The retirees believed those choices could leave Honda facing its first annual loss in seven decades. Their frustration was so deep that former chief executive Nobuhiko Kawamoto went to Honda’s Tokyo headquarters and told Mibe to resign. Mibe did not budge, and the campaign ultimately failed, leaving him in place as Honda tries to navigate one of the most difficult transitions in its history.
The fight is about more than one executive. Honda is being pushed by Chinese competitors, squeezed by U.S. tariffs and forced to rethink how quickly it should move away from combustion engines. Japanese consumers have shown limited enthusiasm for battery-electric cars, even as automakers pour money into batteries, software and new supply chains. For Honda, that has created a painful split between defending a profitable legacy business and financing an expensive next phase.
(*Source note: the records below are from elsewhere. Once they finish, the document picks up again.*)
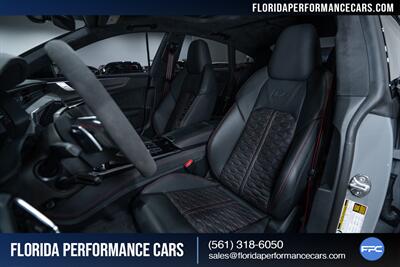 2023 Audi RS 7 4.0T quattro - Photo 19 - Riviera Beach, FL 33407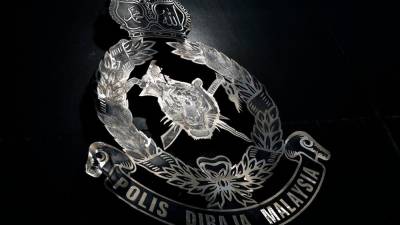 Lans koperal ditahan bersama dadah bernilai lebih RM8,000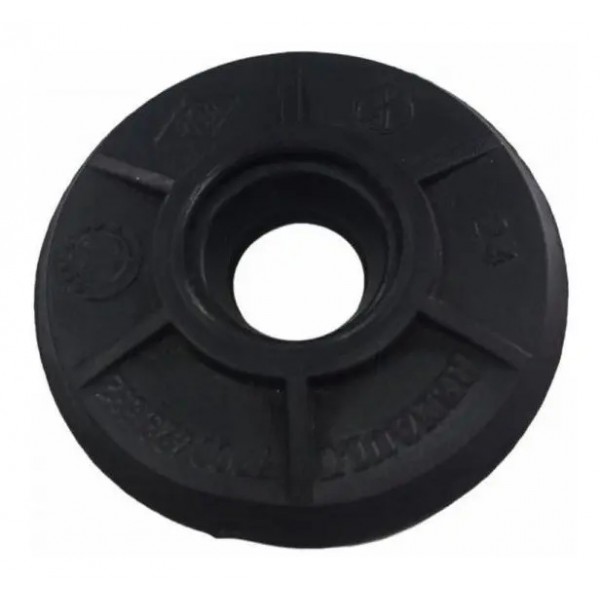 Borracha Galhada Limpador Renault Clio 1.0 16v 2010/11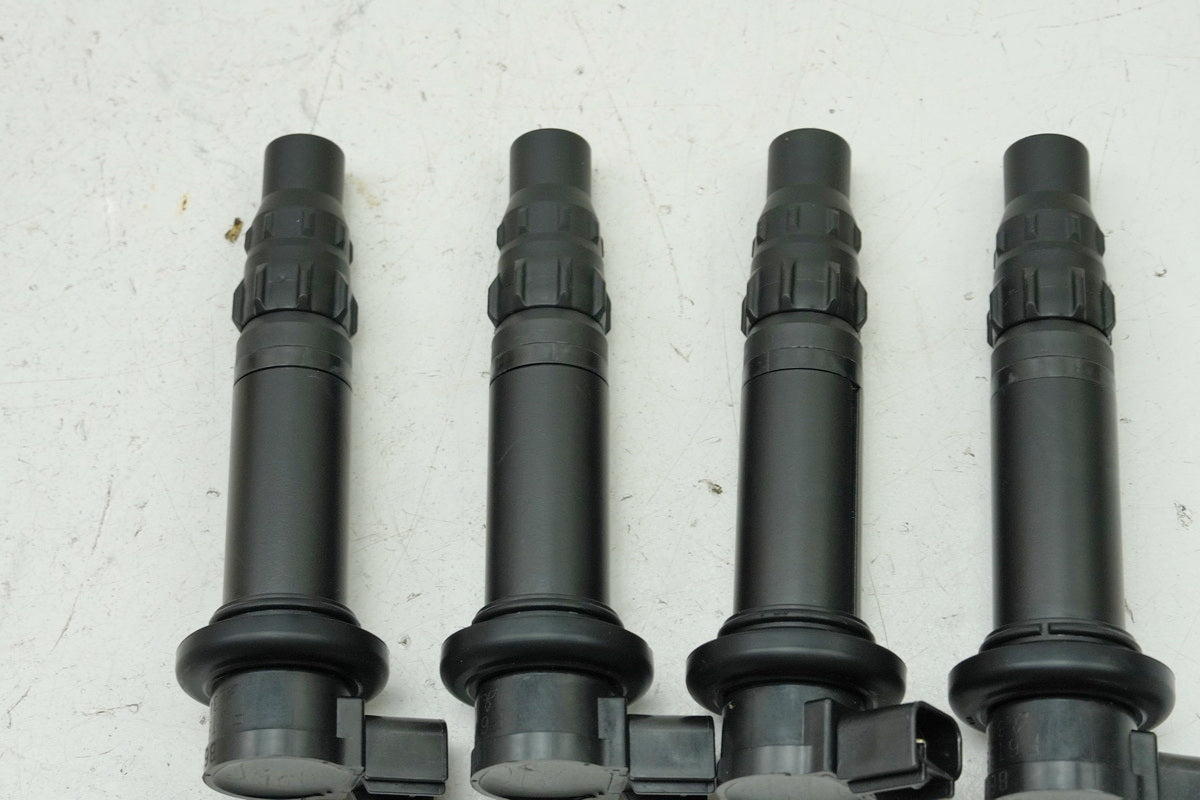 YAMAHA MTN 1000 MT-10 RN78 Ignition Coil Set (for engine) 4550 km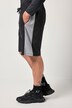 Bermuda JAY-PI, séchage QuickDry, collection Fitness – jusqu'au 7 XL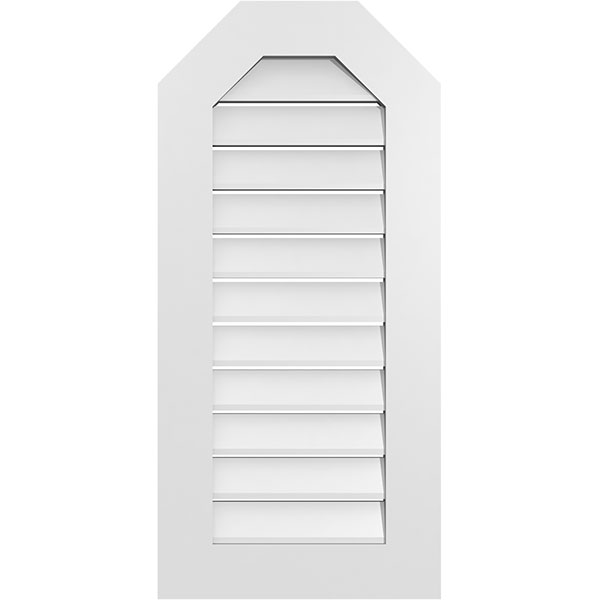 Ekena Millwork GVPOT18X3801SF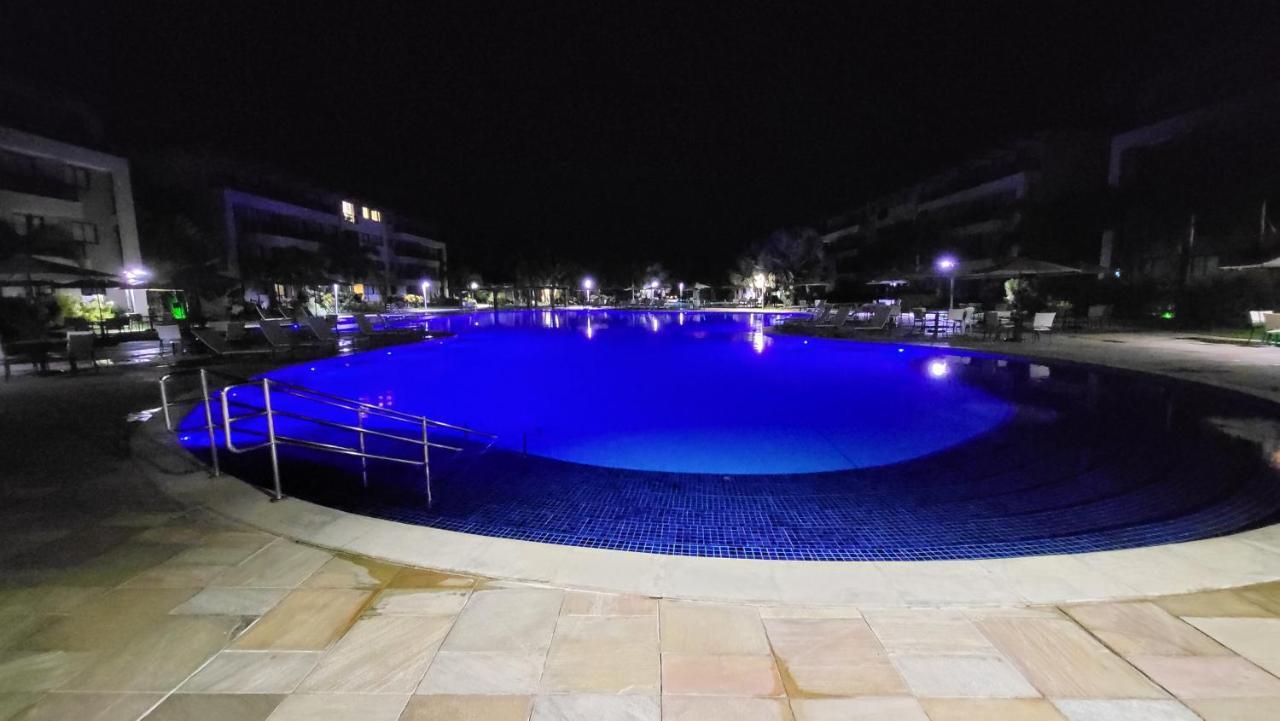 Apartmán Boutique Ecolife Pôrto das Galinhas Exteriér fotografie
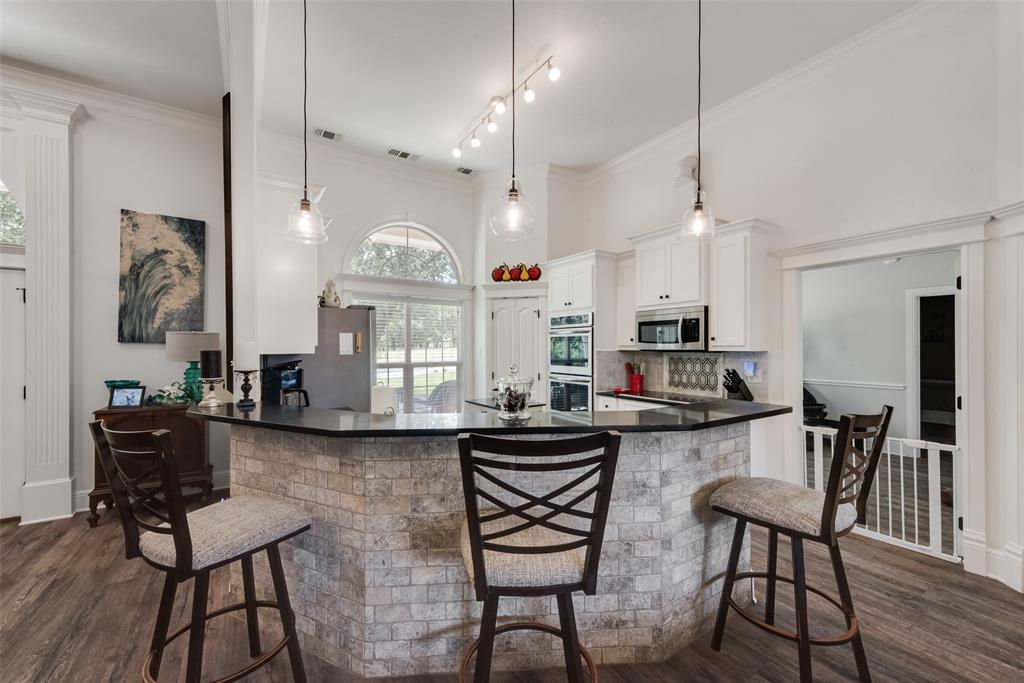 Grand Harbor On Lake Bridgeport - Residential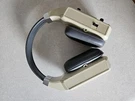 Vintage Radio Shack Tandy Am/fm Headphone Model 12-186, Not Working. Fixed Price $9.95.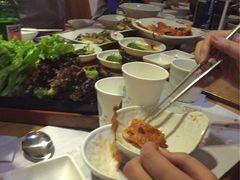 -丽池宫韩式汗蒸会馆(华灯坊店)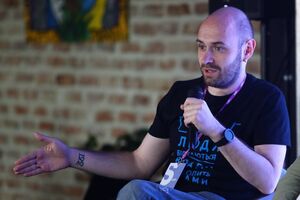 Дела топов Януковича, убийство Шеремета и Гандзюк – это раны общества. Господин Луценко, локальными победами и статистикой успехов ГПУ их не заткнешь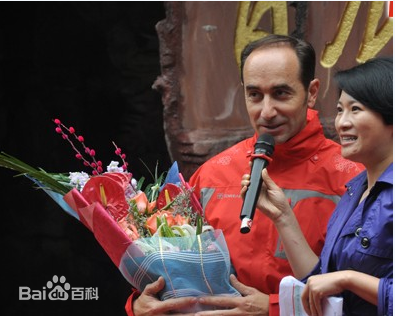 高清马今(让·米歇尔·卡萨诺瓦)图片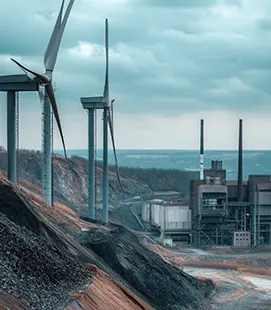 Freemind YG - Enerji ve madencilik danışmanlığı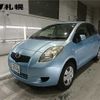 toyota vitz 2006 -TOYOTA 【帯広 500ﾊ7796】--Vitz NCP95--0025661---TOYOTA 【帯広 500ﾊ7796】--Vitz NCP95--0025661- image 1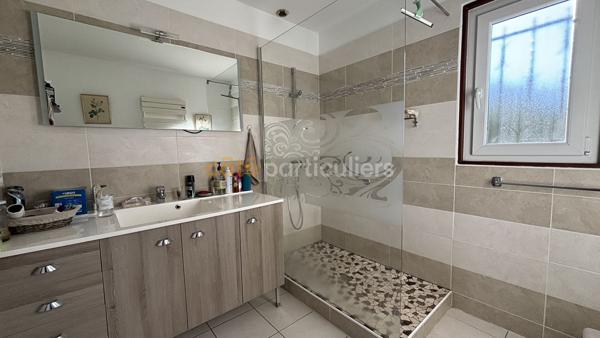 Vente Maison124 m² - 5 Pièces - BLANQUEFORT (33290)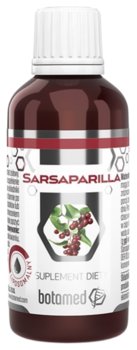 Botamed, Sarsaparilla 50 ml - Botamed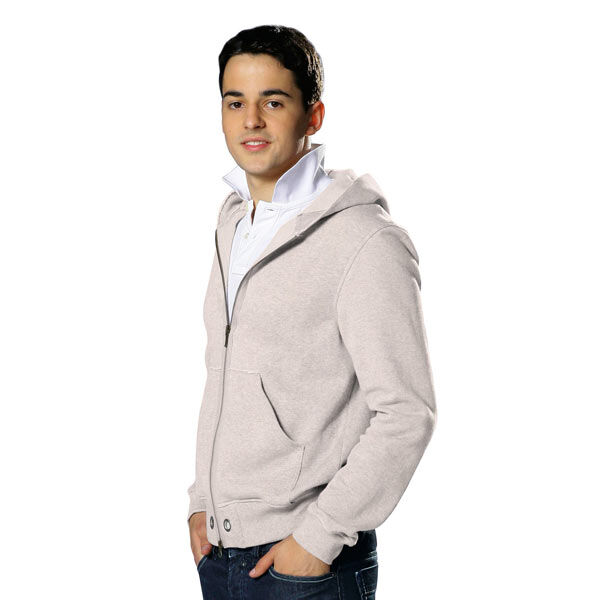 Softshell Uni – rosé | Reststück 50cm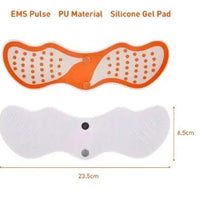EMS Facial Muscle Stimulator for Contoured Face Lift & Fat Removal - Zentelle Beauty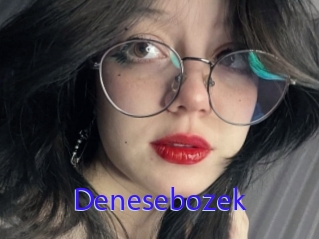 Denesebozek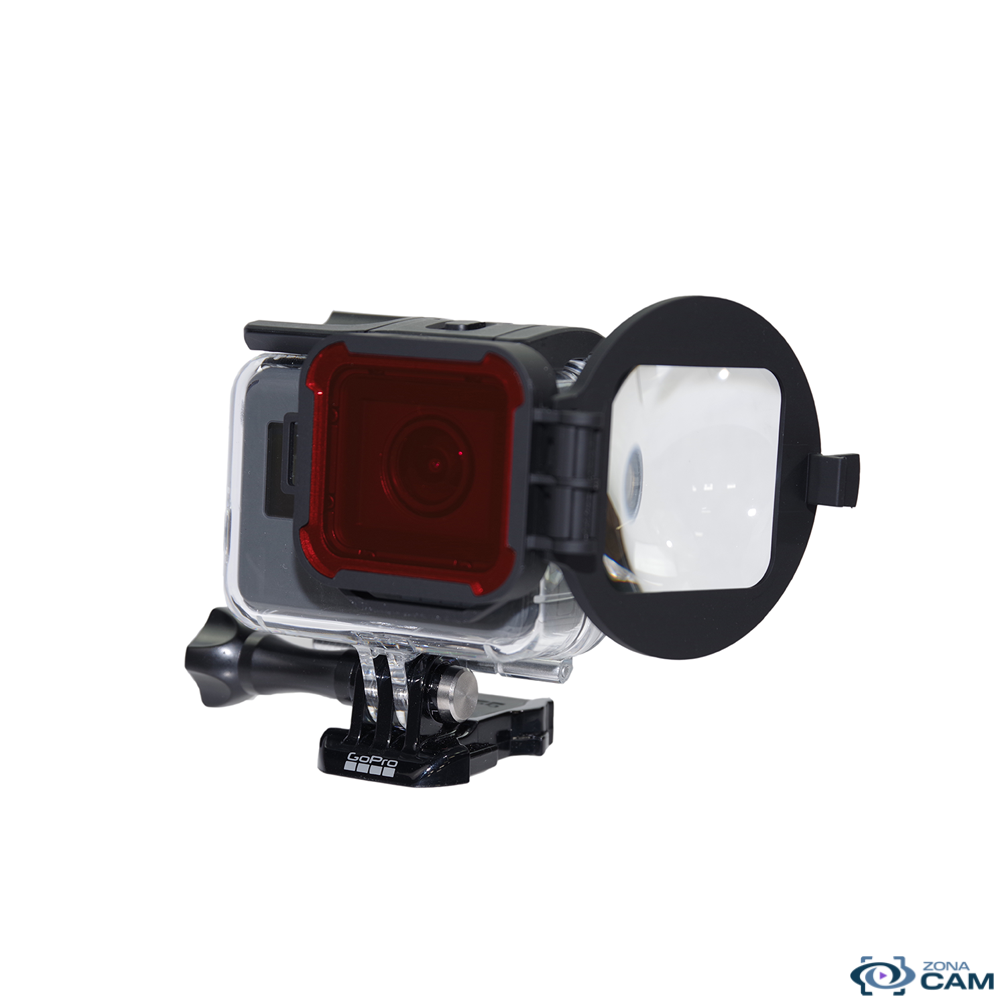 PolarPro Filtro Switchblade GoPro Hero 5 6 7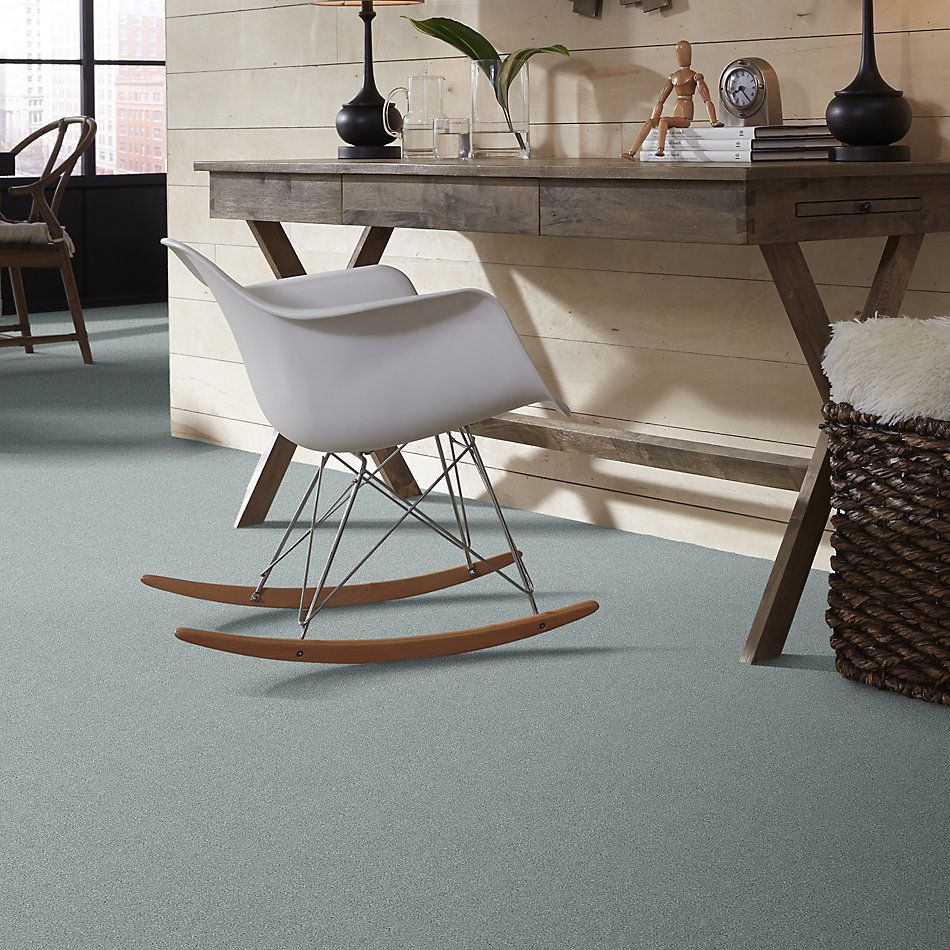 Shaw Floors SFA Fyc Ns Blue Net Water’s Edge (s) 430S_5E020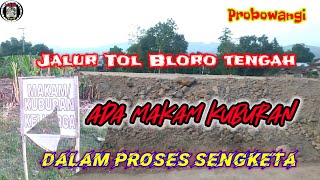 Sengketa tanah kuburan.. || jadi rebutan...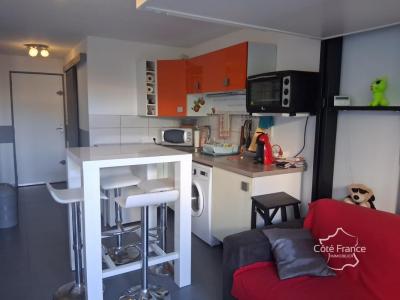Annonce Vente Appartement Agde 34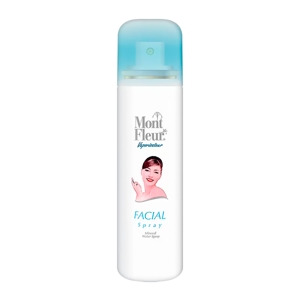 Mont Fleur Mineral Water Spray 150ml.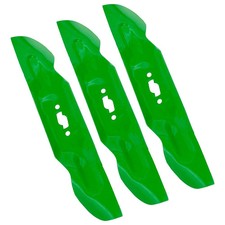 54 Deck High Lift Blades For Troy-bilt Z54 Mustang 17arfacw066 17a66sfac3a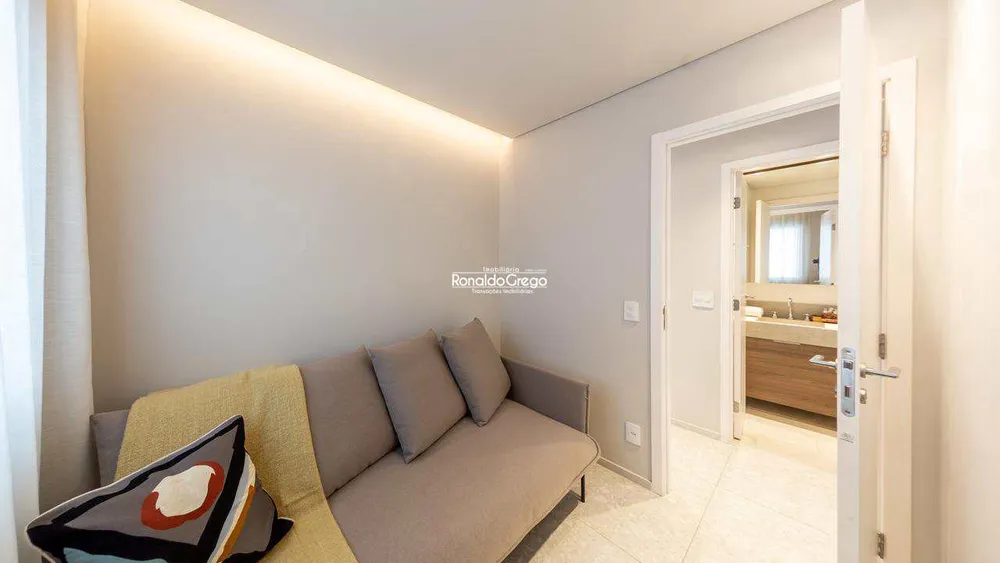 Apartamento, 1 quarto, 64 m² - Foto 4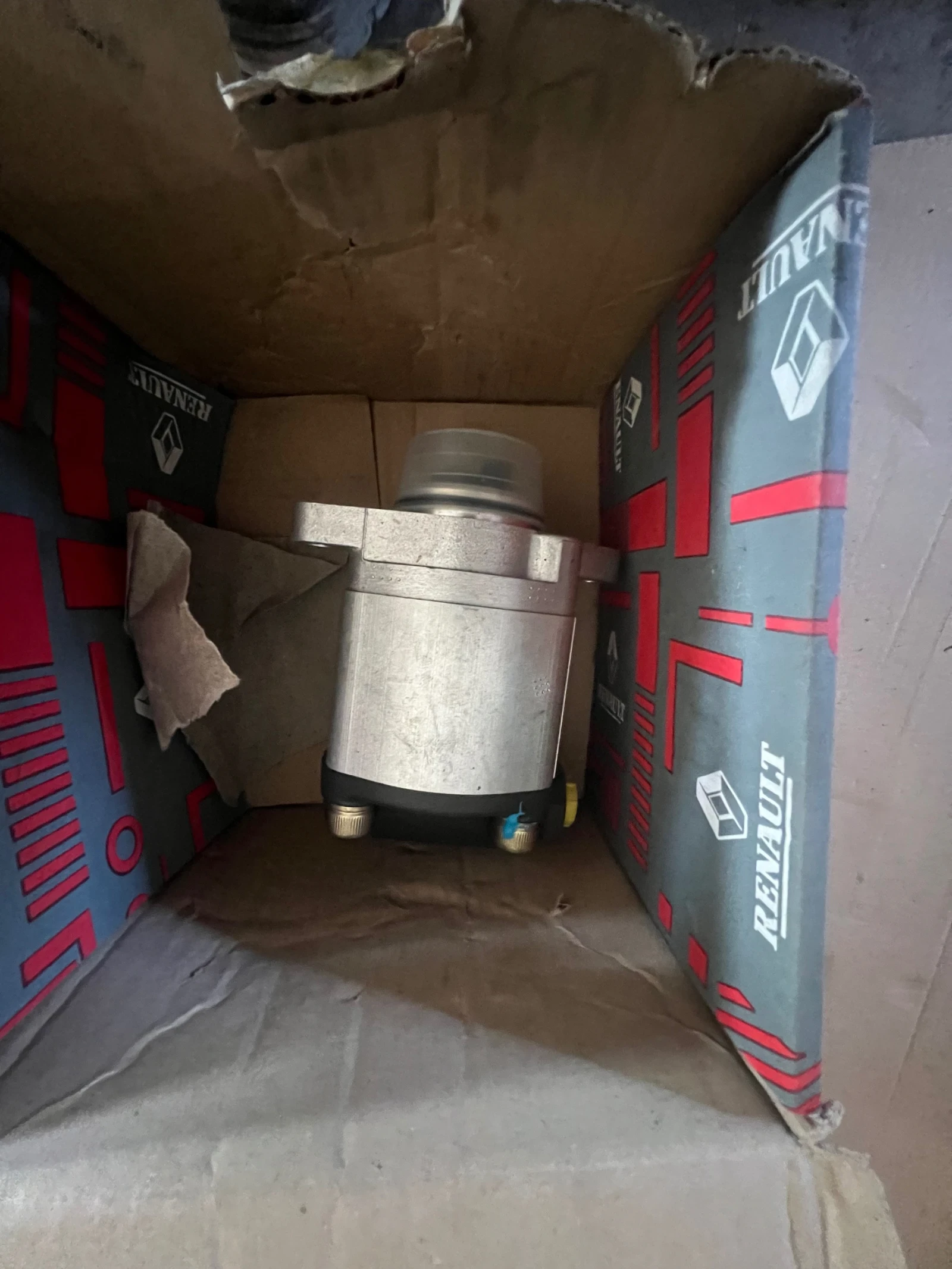 5410071C    RENAULT PREMIUM  5001866181 | Mobile.bg   3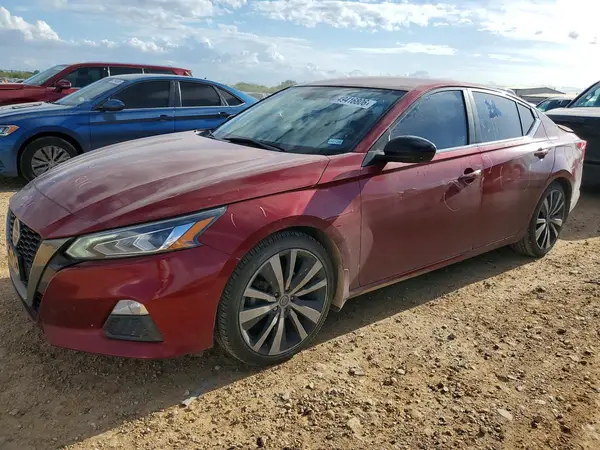 1N4BL4CV8LN305113 2020 NISSAN ALTIMA - Image 1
Honda’s own numbers show why the old guard’s anger found support inside the company. In fiscal 2025, sales revenue rose 6.2% to 21.69 trillion yen, but operating profit fell 12.2% to 1.21 trillion yen and profit attributable to owners of the parent dropped 24.5% to 835.8 billion yen. In March 2026, Honda said it would cancel development and market launches of three EV models planned for North America and expected losses in the fiscal year ending March 2026, citing pressure from U.S. tariff policy on gasoline and hybrid vehicles and weaker competitiveness in Asia after shifting resources toward EV development.

The strain is especially visible in China. Honda’s March 2025 production data showed worldwide output in fiscal 2024 falling 11.7% to 3.64 million units, while production in China sank 34.9% to 760,918 units. That decline has sharpened the strategic debate over whether Honda can still grow in the world’s biggest auto market.
Mibe has tried to answer with a reset. At a May 14 briefing, he said Honda would rebuild its automobile business over the next three years, concentrate resources in priority regions, improve cost efficiency and launch 15 next-generation hybrid models globally by the end of fiscal 2030. Honda said it is aiming for more than 1.4 trillion yen in consolidated operating profit in fiscal 2029. The failed ouster showed that the company’s hardest battle is not only against rivals, but against the legacy of the executives who built Honda’s old model and still distrust the leaders trying to replace it.